EXERCISE AIM
In the data that follows, find each line containing "fotografie" and copy it.
+++ GIVEN ENTRIES +++
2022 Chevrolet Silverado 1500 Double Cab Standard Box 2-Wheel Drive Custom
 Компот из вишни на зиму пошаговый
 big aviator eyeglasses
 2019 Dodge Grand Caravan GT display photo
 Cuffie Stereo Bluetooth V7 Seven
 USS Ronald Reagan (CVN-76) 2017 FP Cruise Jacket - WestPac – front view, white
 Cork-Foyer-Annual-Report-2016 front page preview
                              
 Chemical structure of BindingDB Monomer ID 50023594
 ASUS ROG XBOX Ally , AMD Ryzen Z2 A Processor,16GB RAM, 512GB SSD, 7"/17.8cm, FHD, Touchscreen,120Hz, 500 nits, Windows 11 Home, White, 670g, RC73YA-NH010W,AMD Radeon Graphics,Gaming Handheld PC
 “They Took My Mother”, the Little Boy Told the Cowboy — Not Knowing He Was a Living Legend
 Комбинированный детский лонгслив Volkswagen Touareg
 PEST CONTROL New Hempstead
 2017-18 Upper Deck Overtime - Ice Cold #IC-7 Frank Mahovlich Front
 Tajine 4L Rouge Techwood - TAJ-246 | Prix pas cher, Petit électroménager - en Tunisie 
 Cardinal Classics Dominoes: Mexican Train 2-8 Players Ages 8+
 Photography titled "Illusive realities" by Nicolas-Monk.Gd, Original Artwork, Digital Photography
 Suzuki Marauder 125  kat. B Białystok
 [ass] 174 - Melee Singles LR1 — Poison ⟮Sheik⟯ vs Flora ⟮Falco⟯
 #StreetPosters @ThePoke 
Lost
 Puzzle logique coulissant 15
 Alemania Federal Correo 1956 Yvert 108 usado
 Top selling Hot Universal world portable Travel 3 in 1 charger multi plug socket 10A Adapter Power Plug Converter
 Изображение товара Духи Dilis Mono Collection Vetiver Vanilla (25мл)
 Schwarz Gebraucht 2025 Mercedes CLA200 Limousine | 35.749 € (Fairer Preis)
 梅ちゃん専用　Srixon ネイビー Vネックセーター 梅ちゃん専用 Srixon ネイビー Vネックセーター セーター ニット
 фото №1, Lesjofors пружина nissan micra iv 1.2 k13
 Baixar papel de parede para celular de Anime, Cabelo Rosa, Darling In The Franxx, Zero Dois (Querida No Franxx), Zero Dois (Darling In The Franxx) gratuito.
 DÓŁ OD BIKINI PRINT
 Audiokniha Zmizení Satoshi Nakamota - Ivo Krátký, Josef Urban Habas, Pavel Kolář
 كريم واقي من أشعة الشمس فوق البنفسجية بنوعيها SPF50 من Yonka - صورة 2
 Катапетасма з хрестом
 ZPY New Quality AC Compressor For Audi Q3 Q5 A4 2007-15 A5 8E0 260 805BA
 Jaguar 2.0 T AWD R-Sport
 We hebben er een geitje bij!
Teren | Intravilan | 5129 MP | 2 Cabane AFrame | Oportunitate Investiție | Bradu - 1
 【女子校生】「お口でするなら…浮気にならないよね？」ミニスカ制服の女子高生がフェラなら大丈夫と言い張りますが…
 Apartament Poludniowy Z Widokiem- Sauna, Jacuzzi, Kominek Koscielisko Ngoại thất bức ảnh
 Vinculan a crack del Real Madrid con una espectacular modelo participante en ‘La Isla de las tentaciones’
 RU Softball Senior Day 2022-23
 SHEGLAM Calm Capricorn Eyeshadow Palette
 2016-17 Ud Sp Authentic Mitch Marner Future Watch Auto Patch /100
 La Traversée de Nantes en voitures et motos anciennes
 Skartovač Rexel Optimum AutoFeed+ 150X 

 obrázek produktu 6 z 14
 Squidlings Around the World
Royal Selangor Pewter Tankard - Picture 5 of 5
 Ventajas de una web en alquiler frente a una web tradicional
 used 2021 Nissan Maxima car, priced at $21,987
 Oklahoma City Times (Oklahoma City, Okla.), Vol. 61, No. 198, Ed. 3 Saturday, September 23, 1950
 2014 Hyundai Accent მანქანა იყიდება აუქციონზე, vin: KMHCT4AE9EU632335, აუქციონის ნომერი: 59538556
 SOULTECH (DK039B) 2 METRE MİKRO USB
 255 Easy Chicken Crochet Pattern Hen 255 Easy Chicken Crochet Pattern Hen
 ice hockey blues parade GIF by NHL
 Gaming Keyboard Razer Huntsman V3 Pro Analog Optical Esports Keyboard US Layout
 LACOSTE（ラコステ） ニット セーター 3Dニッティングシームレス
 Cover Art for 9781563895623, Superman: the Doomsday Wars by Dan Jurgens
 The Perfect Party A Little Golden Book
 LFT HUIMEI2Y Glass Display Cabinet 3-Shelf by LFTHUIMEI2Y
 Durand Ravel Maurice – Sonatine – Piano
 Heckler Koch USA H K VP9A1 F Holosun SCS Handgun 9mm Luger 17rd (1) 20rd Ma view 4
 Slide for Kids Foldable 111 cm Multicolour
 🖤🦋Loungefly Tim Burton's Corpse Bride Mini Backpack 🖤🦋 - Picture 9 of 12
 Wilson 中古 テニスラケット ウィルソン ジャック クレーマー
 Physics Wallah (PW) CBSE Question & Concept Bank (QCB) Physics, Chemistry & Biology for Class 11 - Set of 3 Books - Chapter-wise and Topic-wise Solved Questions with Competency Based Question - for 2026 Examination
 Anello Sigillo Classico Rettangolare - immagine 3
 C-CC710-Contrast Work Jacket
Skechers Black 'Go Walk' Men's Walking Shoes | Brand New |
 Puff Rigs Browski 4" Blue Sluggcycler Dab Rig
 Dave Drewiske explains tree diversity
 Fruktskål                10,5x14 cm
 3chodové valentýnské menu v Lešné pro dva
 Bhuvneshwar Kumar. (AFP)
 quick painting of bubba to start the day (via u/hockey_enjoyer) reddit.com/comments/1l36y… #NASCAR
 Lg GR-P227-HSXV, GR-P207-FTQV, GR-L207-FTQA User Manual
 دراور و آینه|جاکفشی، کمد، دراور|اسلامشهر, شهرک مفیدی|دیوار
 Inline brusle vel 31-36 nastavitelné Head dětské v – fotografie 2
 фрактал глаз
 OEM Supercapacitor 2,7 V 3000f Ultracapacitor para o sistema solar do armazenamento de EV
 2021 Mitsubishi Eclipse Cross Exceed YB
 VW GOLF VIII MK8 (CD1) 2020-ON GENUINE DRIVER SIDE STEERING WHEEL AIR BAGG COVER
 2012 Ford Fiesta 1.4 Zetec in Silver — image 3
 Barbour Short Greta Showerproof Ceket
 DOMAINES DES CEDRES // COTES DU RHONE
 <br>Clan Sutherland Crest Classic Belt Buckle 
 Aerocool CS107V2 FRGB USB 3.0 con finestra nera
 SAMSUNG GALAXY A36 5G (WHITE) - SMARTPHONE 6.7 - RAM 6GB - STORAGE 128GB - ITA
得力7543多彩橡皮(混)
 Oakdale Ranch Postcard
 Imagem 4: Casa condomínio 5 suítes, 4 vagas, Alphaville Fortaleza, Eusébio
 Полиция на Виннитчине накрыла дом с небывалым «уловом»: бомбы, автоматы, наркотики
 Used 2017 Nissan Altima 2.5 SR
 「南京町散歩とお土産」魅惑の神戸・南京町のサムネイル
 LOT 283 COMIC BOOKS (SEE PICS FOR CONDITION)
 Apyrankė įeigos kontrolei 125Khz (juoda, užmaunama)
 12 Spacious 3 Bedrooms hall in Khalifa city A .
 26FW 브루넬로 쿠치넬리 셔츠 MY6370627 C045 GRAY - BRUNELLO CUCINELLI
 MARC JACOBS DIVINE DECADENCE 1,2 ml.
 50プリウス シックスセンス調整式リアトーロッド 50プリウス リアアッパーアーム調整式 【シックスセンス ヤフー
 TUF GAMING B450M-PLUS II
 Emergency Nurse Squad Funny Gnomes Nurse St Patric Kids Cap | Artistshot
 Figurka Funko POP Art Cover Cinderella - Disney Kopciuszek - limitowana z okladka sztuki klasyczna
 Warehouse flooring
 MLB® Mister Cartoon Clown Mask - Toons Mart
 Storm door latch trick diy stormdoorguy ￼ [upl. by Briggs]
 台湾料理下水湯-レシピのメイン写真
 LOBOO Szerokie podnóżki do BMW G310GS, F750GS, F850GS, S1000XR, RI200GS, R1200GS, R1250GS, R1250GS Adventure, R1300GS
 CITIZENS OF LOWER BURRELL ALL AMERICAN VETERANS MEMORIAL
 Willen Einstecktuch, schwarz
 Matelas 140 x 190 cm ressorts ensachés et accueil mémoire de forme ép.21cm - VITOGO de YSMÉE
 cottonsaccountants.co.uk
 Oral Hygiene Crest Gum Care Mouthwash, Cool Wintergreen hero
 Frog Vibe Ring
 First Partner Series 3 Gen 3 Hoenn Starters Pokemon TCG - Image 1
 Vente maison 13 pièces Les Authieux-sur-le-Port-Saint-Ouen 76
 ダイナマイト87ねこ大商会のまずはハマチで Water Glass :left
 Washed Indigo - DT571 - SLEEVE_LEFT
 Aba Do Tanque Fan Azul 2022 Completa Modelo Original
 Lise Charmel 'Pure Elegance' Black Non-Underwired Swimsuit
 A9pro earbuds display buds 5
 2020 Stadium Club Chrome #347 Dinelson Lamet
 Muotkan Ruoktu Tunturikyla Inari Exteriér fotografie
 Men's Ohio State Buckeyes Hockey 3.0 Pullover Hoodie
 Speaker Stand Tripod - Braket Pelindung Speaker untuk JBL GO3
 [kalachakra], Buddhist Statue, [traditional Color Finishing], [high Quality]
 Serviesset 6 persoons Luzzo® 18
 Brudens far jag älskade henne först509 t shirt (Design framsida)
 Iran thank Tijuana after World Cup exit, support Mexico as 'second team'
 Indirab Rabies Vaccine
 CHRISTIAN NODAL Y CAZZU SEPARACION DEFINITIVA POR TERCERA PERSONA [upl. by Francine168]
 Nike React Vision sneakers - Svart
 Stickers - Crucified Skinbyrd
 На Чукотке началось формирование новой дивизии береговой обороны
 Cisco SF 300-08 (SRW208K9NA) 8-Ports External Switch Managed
+++
RESPONSE AREA
 Inline brusle vel 31-36 nastavitelné Head dětské v – fotografie 2
 Muotkan Ruoktu Tunturikyla Inari Exteriér fotografie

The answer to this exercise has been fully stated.